20 pages of free patterns; knit and crochet! Thank you for posting....I saved a few for who-knows-when


----------



## seedstitch (Nov 29, 2011)

Thanks!


----------



## run4fittness (May 22, 2011)

thanks!


----------



## GrannyGoode (Oct 9, 2011)

Lolly, thanks ever so much for the link to Schachenmayr.com. Have spent the last hour or so checking out the neighborhood. Finally found some patterns for FREE that really caught my eye, that is, have been wanting to make a nice tunic-length jacket for myself. Have been looking for . . . well, for forever! 

Thanks, Dearie!


----------



## Glennis (Mar 10, 2011)

Thank you for the link.
I haven't seen this one before.
I downloaded some patterns.


----------



## LadyBecket (Jun 26, 2012)

I really didn't need any more patterns but how can I resist?? Thank you!!!!


----------



## Lolly12 (Oct 10, 2012)

LadyBecket said:


> I really didn't need any more patterns but how can I resist?? Thank you!!!!


Haha, I don't need anymore as well, but I find I'm always looking.When I need to make a gift it takes me forever to find one in the millions of patterns I have LOL


----------



## Lolly12 (Oct 10, 2012)

GrannyGoode said:


> Lolly, thanks ever so much for the link to Schachenmayr.com. Have spent the last hour or so checking out the neighborhood. Finally found some patterns for FREE that really caught my eye, that is, have been wanting to make a nice tunic-length jacket for myself. Have been looking for . . . well, for forever!
> 
> Thanks, Dearie!


Oh, Im glad you found some you like.
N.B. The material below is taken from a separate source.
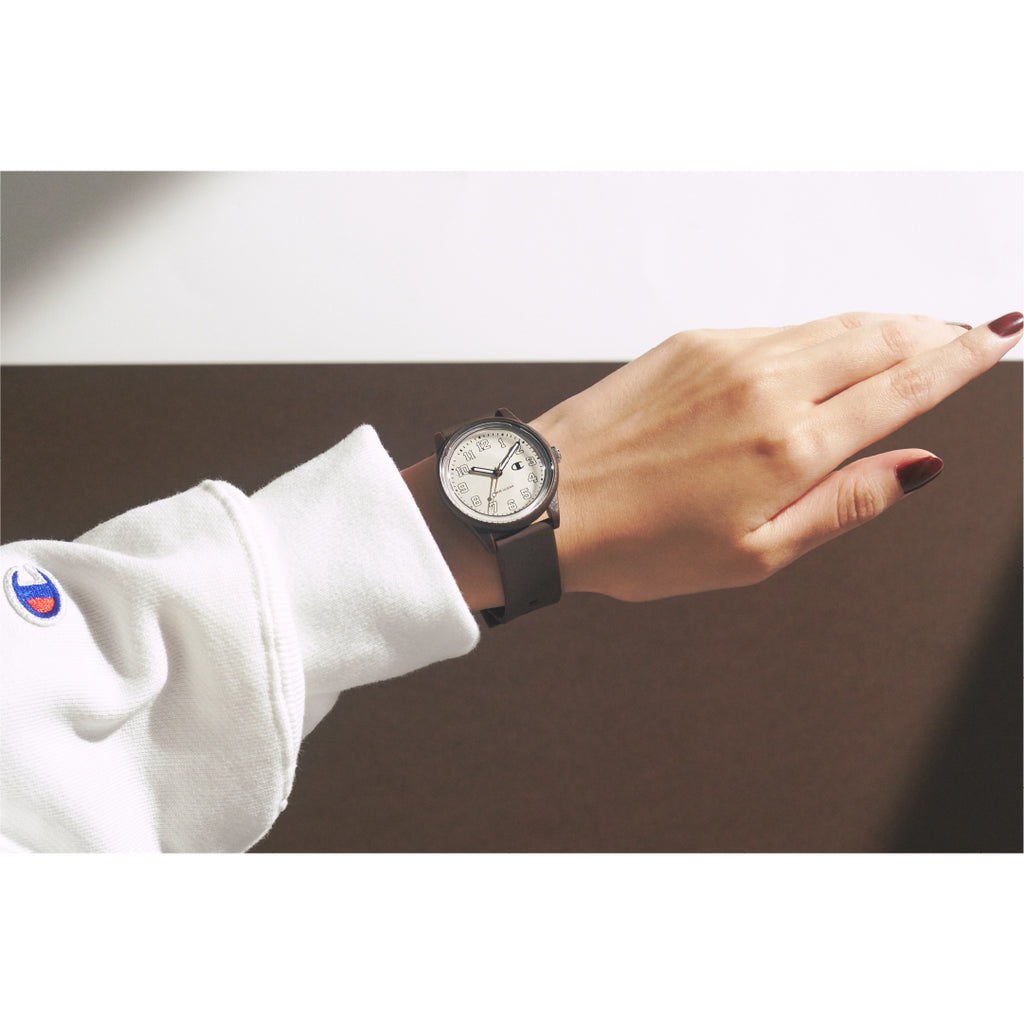 R05A-503VK – Q&Q SmileSolar ONLINE STORE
Happy knitting


----------



## Lolly12 (Oct 10, 2012)

run4fittness said:


> thanks!


----------



## Lolly12 (Oct 10, 2012)

:-D :-D


----------



## kiwiannie (Jul 30, 2011)

Thankyou some nice patterns there. :thumbup: :thumbup:


----------



## shel01 (Feb 23, 2013)

Thanks from me too x


----------



## Browniemom (Sep 24, 2012)

Thank you very, very much. terrific patterns to drool over and knit! :thumbup:


----------



## Cassews (Apr 10, 2013)

Beautiful patterns, wish it was in crochet .. I don't knit ..


----------



## TRINITYCRAFTSISTER (Sep 28, 2011)

thanks for this site


----------



## chocolate lover (Jan 28, 2011)

A big thanks for this


----------



## knittingnona (May 11, 2011)

Some really unique items here. Thanks so much!


----------



## lotsagramgram (May 7, 2012)

Really have too many patterns already, but these are great, can't resist! Thank you


----------



## aussiefletch49 (Jan 3, 2013)

Thanks for post. Had a look and added to favourites.


----------



## janielha (Dec 20, 2012)

This is a wonderful site. Lots of great patterns! Thank you!!!


----------